Activity: The reply is to contain the full listing, repeated exactly, with pictures left out.

Source material:
[Start of Attachment]

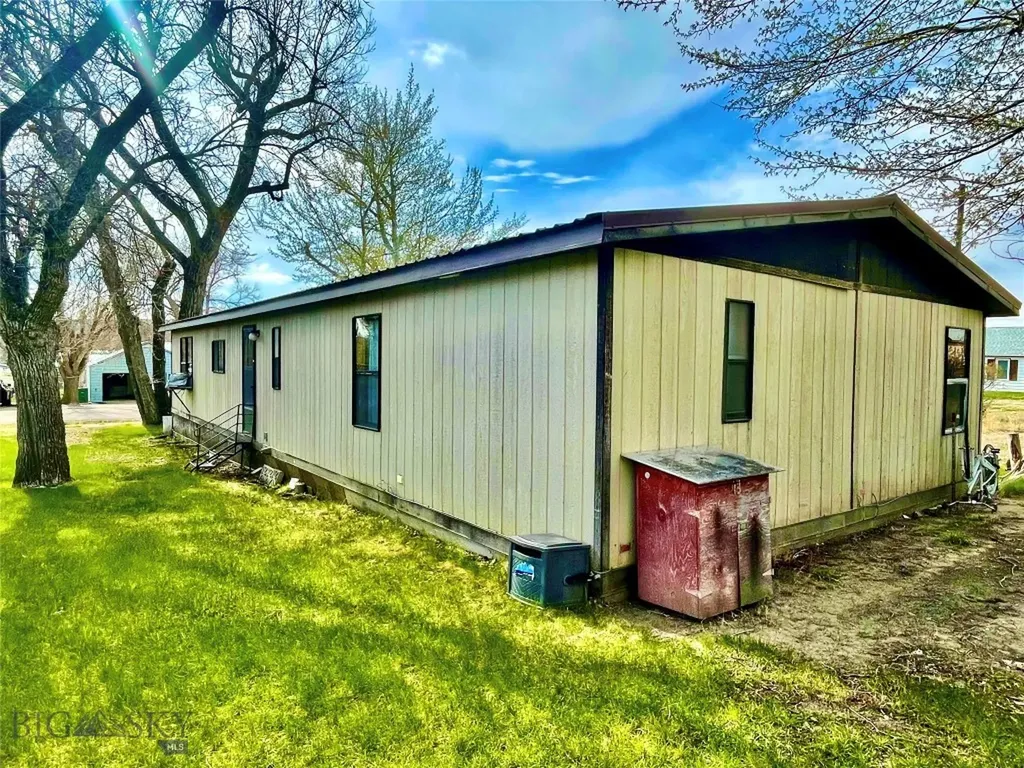 1400 Saint Charles Street Fort Benton MT 59442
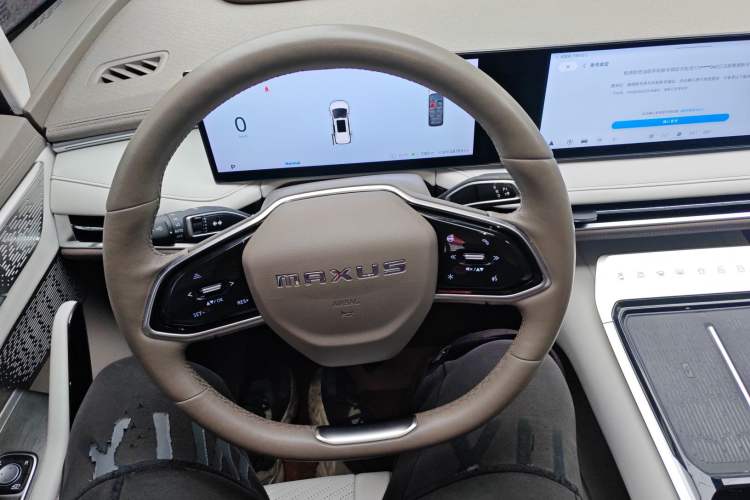 Used SAIC MAXUS Dajia 7 2023 – Alpine 7-Seater Version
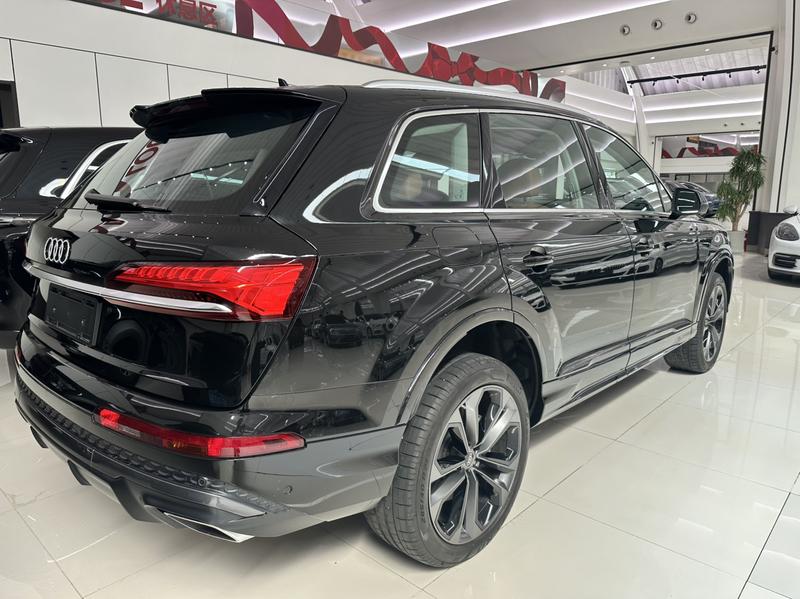 Audi Q7, 2025 — фото 6 из 12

[End of Attachment]

Exercise response:
 1400 Saint Charles Street Fort Benton MT 59442
 Used SAIC MAXUS Dajia 7 2023 – Alpine 7-Seater Version
 Audi Q7, 2025 — фото 6 из 12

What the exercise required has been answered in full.